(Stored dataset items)
>>>>>

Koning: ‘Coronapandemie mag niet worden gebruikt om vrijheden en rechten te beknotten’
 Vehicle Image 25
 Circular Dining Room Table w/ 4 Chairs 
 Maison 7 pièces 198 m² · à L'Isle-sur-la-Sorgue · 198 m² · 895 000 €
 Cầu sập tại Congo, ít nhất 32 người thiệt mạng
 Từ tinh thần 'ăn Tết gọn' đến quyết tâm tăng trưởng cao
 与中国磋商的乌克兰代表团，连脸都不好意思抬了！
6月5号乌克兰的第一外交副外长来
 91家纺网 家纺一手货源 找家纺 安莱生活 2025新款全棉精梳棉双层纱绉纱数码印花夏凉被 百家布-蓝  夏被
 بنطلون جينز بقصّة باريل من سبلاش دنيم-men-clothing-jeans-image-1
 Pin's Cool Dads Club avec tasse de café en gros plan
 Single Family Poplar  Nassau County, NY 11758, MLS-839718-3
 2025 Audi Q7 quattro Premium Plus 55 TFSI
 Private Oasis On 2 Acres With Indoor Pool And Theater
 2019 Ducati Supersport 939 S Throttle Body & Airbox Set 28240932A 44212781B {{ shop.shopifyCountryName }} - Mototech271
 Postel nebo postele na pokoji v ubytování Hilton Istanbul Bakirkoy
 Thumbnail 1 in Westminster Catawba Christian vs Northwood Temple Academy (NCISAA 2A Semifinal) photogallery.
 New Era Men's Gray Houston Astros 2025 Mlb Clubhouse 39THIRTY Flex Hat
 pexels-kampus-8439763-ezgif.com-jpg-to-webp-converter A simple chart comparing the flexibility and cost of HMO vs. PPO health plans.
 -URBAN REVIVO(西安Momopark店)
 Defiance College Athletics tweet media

<<<<<

Set down exactly the lines from the one that contains "pexels-kampus-8439763-ezgif.com-jpg-to-webp-converter A simple" to the final line above, both included, and nothing more.

EXERCISE ANSWER:
 pexels-kampus-8439763-ezgif.com-jpg-to-webp-converter A simple chart comparing the flexibility and cost of HMO vs. PPO health plans.
 -URBAN REVIVO(西安Momopark店)
 Defiance College Athletics tweet media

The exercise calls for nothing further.